Seems like Subway has given in tot he Muslims. In Ireland and the UK all Subway stores will not carry pork products due to Muslims complaining. I have posted this before but seems like a good time to show some that might not have seen it before. Looks like the population percentages might have some merit.

Did Subway Really Cut Bacon and Ham From 185 Stores Due to Islamic Demand? | TheBlaze.com

The following is adapted from Dr. Peter Hammond's book: Slavery, Terrorism and Islam: The Historical Roots and Contemporary Threat:

Islam is not a religion nor is it a cult. It is a complete system.

Islam has religious, legal, political, economic and military components. The religious component is a beard for all the other components.

Islamization occurs when there are sufficient Muslims in a country to agitate for their so-called 'religious rights.'

When politically correct and culturally diverse societies agree to 'the reasonable' Muslim demands for their 'religious rights,' they also get the other components under the table. Here's how it works (percentages source CIA: The World Fact Book (2007)).

As long as the Muslim population remains around 1% of any given country they will be regarded as a peace-loving minority and not as a threat to anyone. In fact, they may be featured in articles and films, stereotyped for their colorful uniqueness:

United States - Muslim 1.0%
Australia - Muslim 1.5%
Canada - Muslim 1.9%
China - Muslim 1%-2%
Italy - Muslim 1.5%
Norway - Muslim 1.8%

At 2% and 3% they begin to proselytize from other ethnic minorities and disaffected groups with major recruiting from the jails and among street gangs:

Denmark - Muslim 2%
Germany - Muslim 3.7%
United Kingdom - Muslim 2.7%
Spain - Muslim 4%
Thailand - Muslim 4.6%

From 5% on they exercise an inordinate influence in proportion to their percentage of the population.
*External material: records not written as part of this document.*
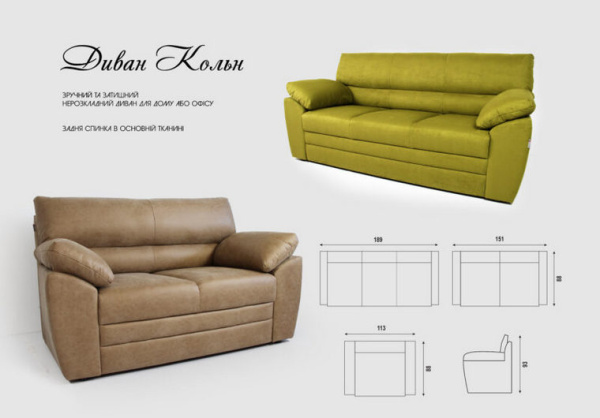 Диван прямий  Koln 3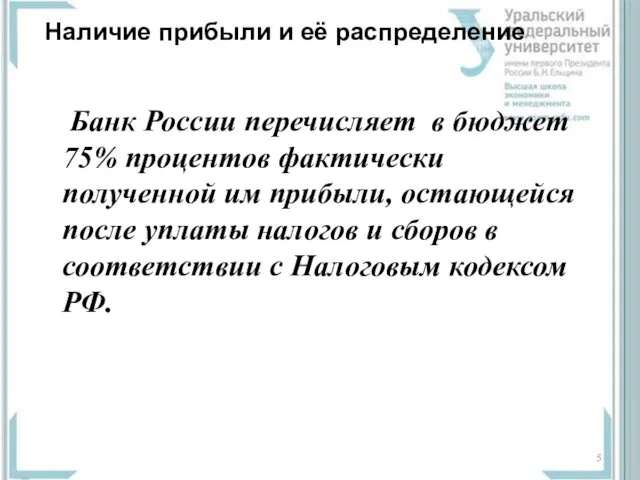 Наличие прибыли и её распределение Банк России перечисляет в бюджет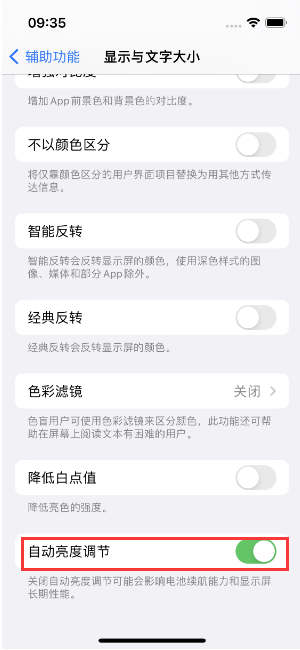 莱西苹果15维修店分享iPhone 15 Pro系列屏幕亮度 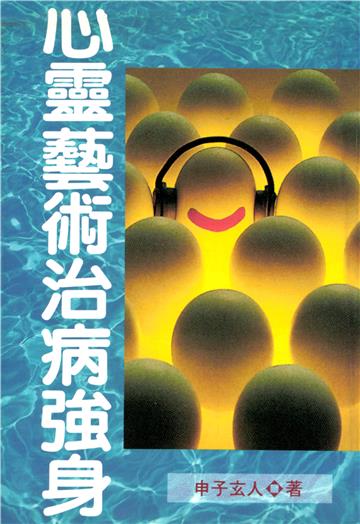 心靈藝術治病強身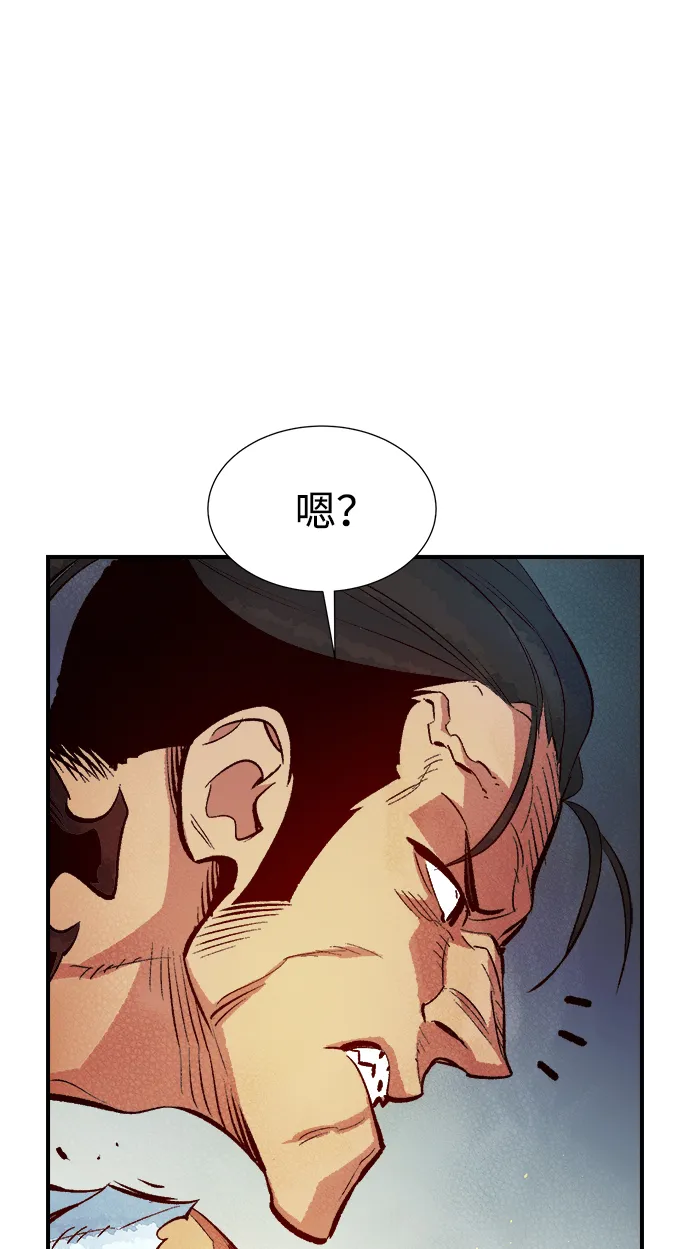 [第56话] D区击杀竞争（2） 第65页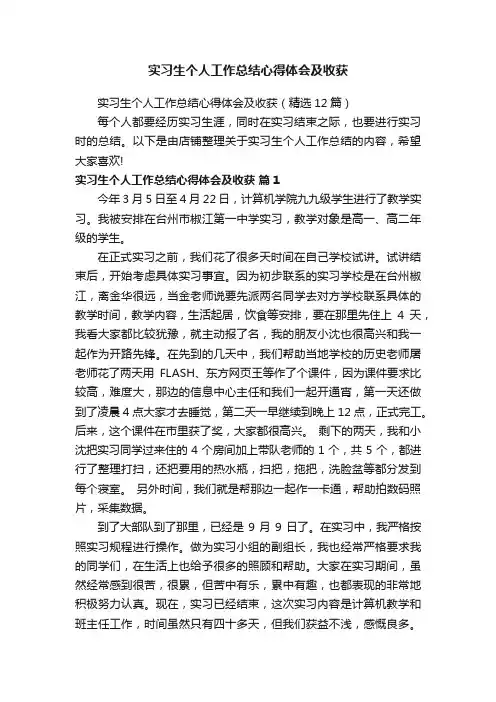 实习生个人工作总结心得体会及收获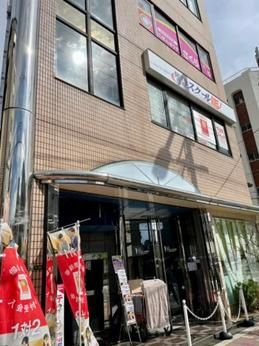 ＹＮｅｘｔ Ｓｅｒｖｉｃｅ株式会社の求人・転職情報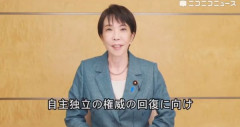 高市首相「憲法は時代に合わせて更新されるべきだ。自主独立の権威の回復に向け、日本人による改憲は党是だ」→ニュースのコメント欄、大荒れ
They will push for the introduction of halal (clean by Islamic standards) food, thereby securing food preparation jobs for Muslims. They will increase pressure on supermarket chains to feature it on their shelves - along with threats for failure to comply. (United States ).

France - Muslim 8%
Philippines - Muslim 5%
Sweden - Muslim 5%
Switzerland - Muslim 4.3%
The Netherlands - Muslim 5.5%
Trinidad &Tobago - Muslim 5.8%

At this point, they will work to get the ruling government to allow them to rule themselves under Sharia, the Islamic Law. The ultimate goal of Islam is not to convert the world but to establish Sharia law over the entire world.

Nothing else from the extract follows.